Kultur Augenblick vor dem letzten Kampf

Welch ein Auftritt! Mit weit aufgerissenen Augen und zum Angriff bereit, inszenierte Lovis Corinth (1858-1925) Rudolf Rittner in diesem Gemälde.

 Rudolf Rittner als Florian Geyer.

Rudolf Rittner als Florian Geyer.

Foto: Von der Heydt - Museum Wuppertal/Von der Heydt Museum

Welch ein Auftritt! Mit weit aufgerissenen Augen und zum Angriff bereit, inszenierte Lovis Corinth (1858-1925) Rudolf Rittner in diesem Gemälde. Der Schauspieler stellt hier den fränkischen Reichsritter Florian Geyer, Anführer im deutschen Bauernkrieg, dar. Geyer ist allein auf der Bühne, in voller Rüstung, bewaffnet mit dem blanken Schwert im Augenblick vor dem letzten Kampf. Angespannt wendet er sich in Erwartung seiner abfallenden Bundesgenossen nach rechts, in Richtung eines hellen Lichtscheins, das Schwert und die zerfetzte Fahne vor sich haltend. Corinth begrenzte den Bildausschnitt ganz auf die Figur Florian Geyers. Weder Bühnenbild noch Staffagefiguren lenken von dem dramatischen Moment ab. Der Eindruck von Konzentration und Anspannung des Helden wird durch den rötlich aufblitzenden Widerschein eines lodernden Feuers auf der Rüstung und im Gesicht noch gesteigert. Dabei nimmt die Figur nur die linke Bildhälfte ein, was die Erwartungshaltung in Bezug auf das, was von rechts kommen mag, noch verstärkt.

Das großformatige Gemälde entstand anlässlich der Aufführungen des Dramas „Florian Geyer“ von Gerhart Hauptmann im Lessingtheater in Berlin. Der dortige Direktor Otto Brahm hatte vom Autor die Freigabe der Aufführungsrechte erreicht und konnte sich damit gegen Max Reinhardt am Deutschen Theater durchsetzen. 1904 wurde das Stück mit Rudolf Rittner in der Hauptrolle neu inszeniert. Das mitreißende Spiel Rittners verhalf dem Stück zum Durchbruch. Als Mitglied des Ensembles von Otto Brahm galt er als bahnbrechender Interpret von Hauptmanns Figuren und spielte neben Florian Geyer auch Fuhrmann Henschel und den „Armen Heinrich“.

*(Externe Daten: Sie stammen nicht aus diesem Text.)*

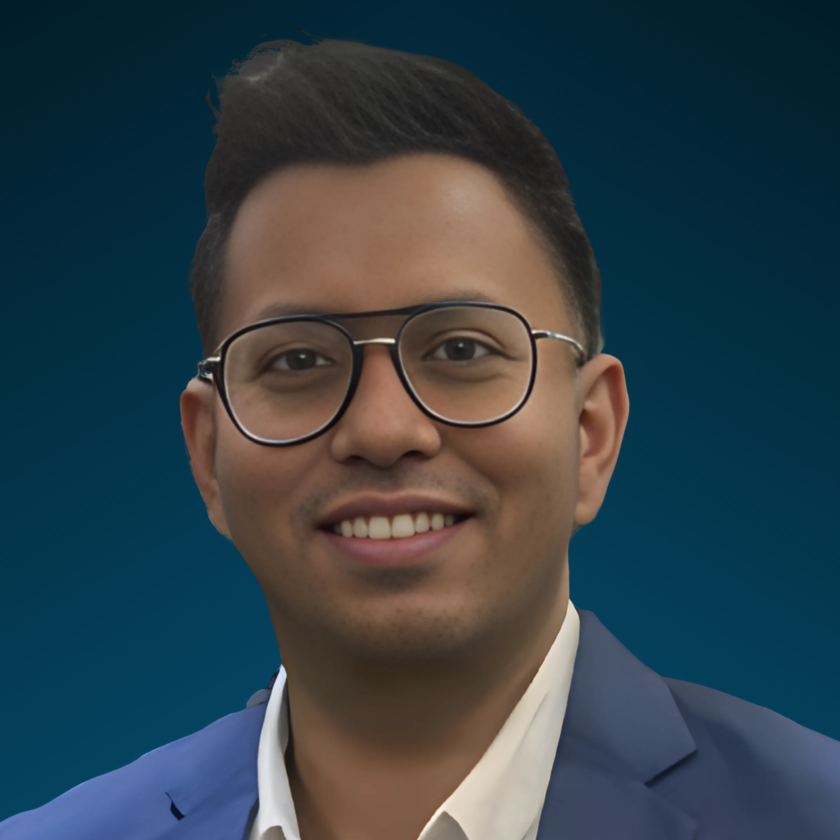 Pravindeeran Veerasingam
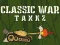 Гаме Класичан Рат Танк онлајн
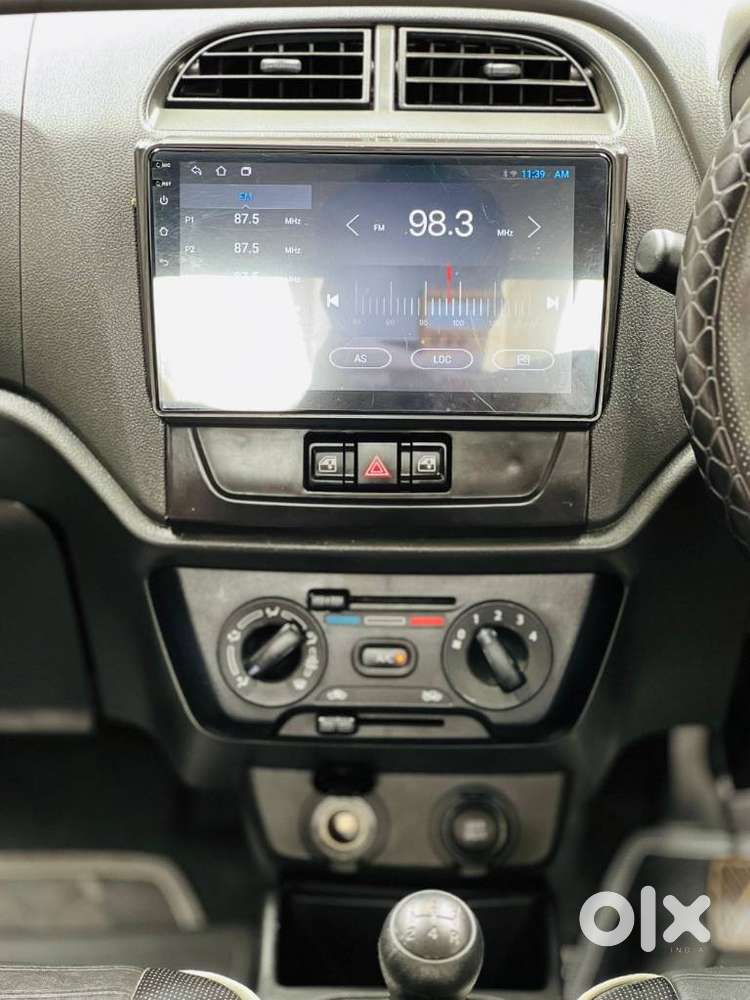Maruti Suzuki Alto K10 Plus Edition, 2024, Petrol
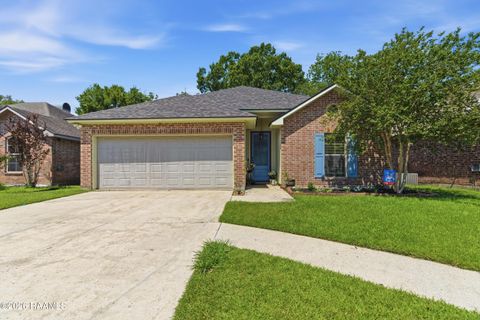 Photo of 142 Country Garden Lane, Lafayette, LA 70507 (MLS # 2600003782)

Unvergessen bleibt mir persönlich der Moment, in dem unser hiesiger Schauspielintendant Thomas Braus mit Schwert und schwarzer Kleidung vor Corinths Bild in die Rolle Florian Geyers schlüpfte und das Publikum begeisterte. Dieses Aufeinandertreffen von Schauspiel- und Bildender Kunst fand im Rahmen unserer Ausstellung „An die Schönheit – Stars der Sammlung“ im Juni 2020 statt. Und ich hoffe, dass wir bald zur nächsten Ausgabe dieser Kooperation in das dann wieder geöffnete Museum einladen können.

Das Gemälde von Lovis Corinth zählt übrigens zu den bedeutendsten Schauspieler-Rollenporträts und dürfte durch die 1902 und 1903 von Max Slevogt geschaffenen Bildnisse des Sängers Francisco d’Andrade in der Rolle des Don Giovanni angeregt worden sein. Corinth ging aber über Slevogt hinaus, indem er den Schauspieler nicht in repräsentativer Pose festhielt, sondern unmittelbar vor dem entscheidenden Moment der Geschichte interpretierte und so die Dramatik der Szene erhöhte. Corinth selbst hielt das Porträt für eines seiner besten Bilder.